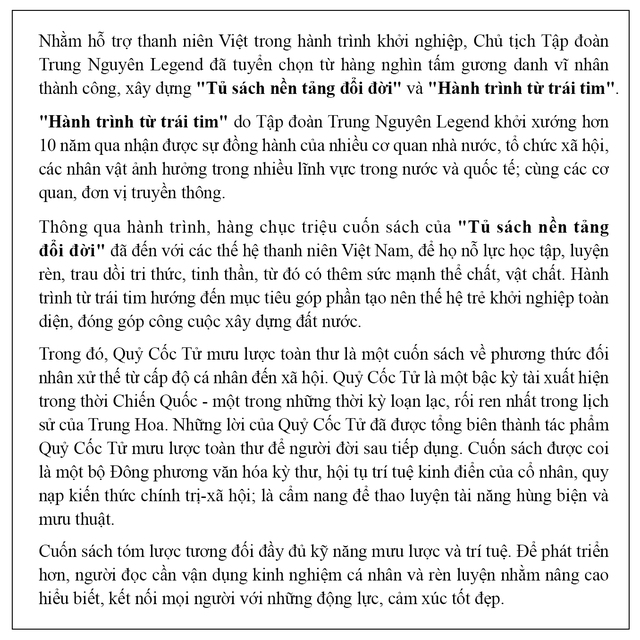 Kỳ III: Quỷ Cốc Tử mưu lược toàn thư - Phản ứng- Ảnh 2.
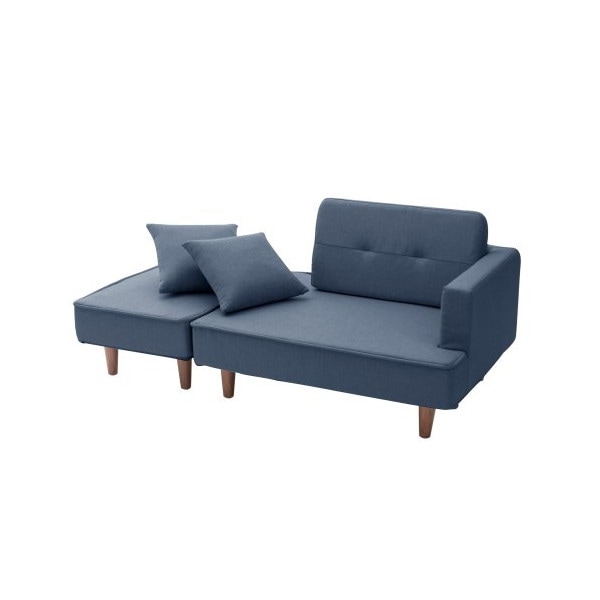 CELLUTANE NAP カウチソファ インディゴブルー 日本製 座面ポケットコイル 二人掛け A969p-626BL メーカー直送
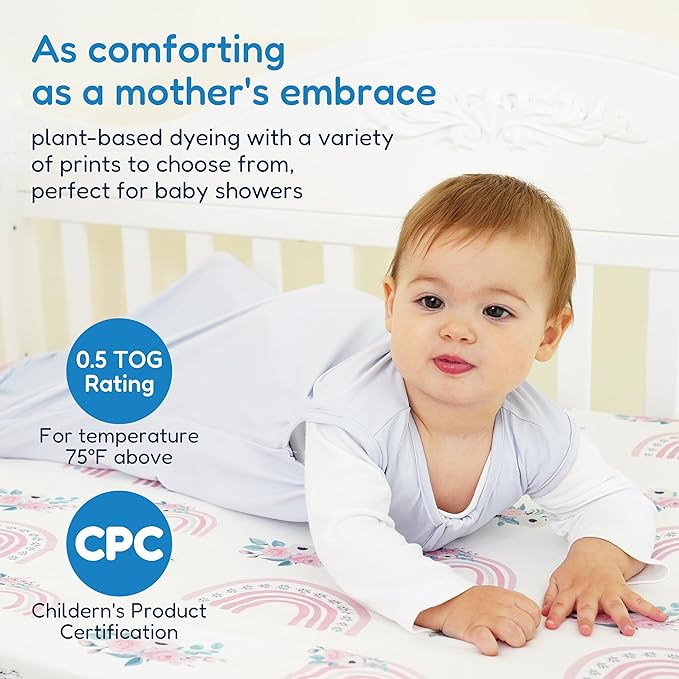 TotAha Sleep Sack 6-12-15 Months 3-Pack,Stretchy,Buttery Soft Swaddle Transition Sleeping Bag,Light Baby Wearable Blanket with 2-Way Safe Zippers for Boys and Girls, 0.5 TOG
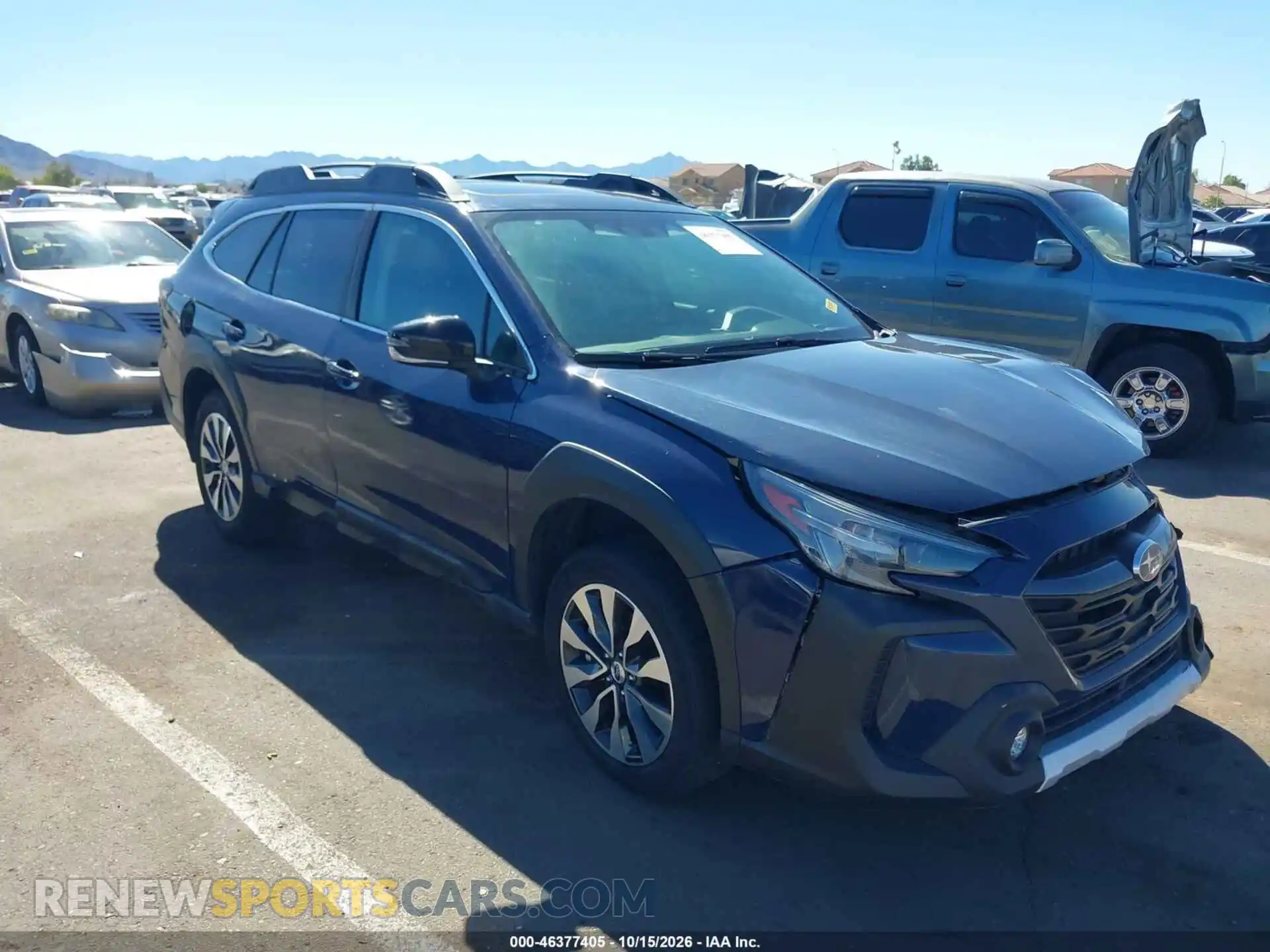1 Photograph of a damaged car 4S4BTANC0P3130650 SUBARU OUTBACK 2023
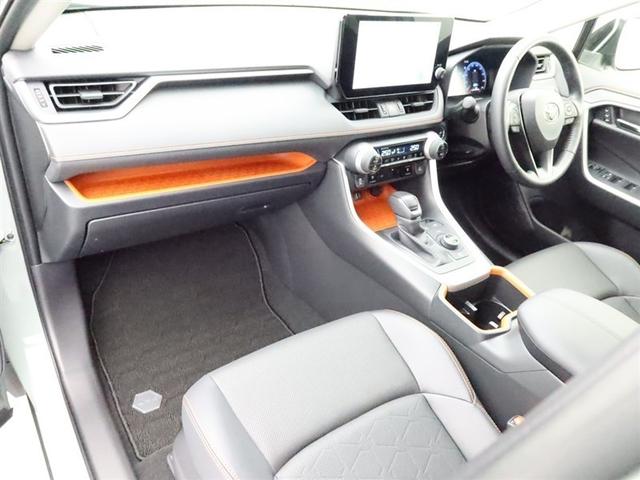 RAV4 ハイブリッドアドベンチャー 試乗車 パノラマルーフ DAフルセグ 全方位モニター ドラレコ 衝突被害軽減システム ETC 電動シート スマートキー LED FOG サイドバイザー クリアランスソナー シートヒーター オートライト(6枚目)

******

Problem statement: Pictures in the records above are to be left out of an otherwise exact copy.

Response to the exercise:
 Kỳ III: Quỷ Cốc Tử mưu lược toàn thư - Phản ứng- Ảnh 2.
 CELLUTANE NAP カウチソファ インディゴブルー 日本製 座面ポケットコイル 二人掛け A969p-626BL メーカー直送
 TotAha Sleep Sack 6-12-15 Months 3-Pack,Stretchy,Buttery Soft Swaddle Transition Sleeping Bag,Light Baby Wearable Blanket with 2-Way Safe Zippers for Boys and Girls, 0.5 TOG
1 Photograph of a damaged car 4S4BTANC0P3130650 SUBARU OUTBACK 2023
 RAV4 ハイブリッドアドベンチャー 試乗車 パノラマルーフ DAフルセグ 全方位モニター ドラレコ 衝突被害軽減システム ETC 電動シート スマートキー LED FOG サイドバイザー クリアランスソナー シートヒーター オートライト(6枚目)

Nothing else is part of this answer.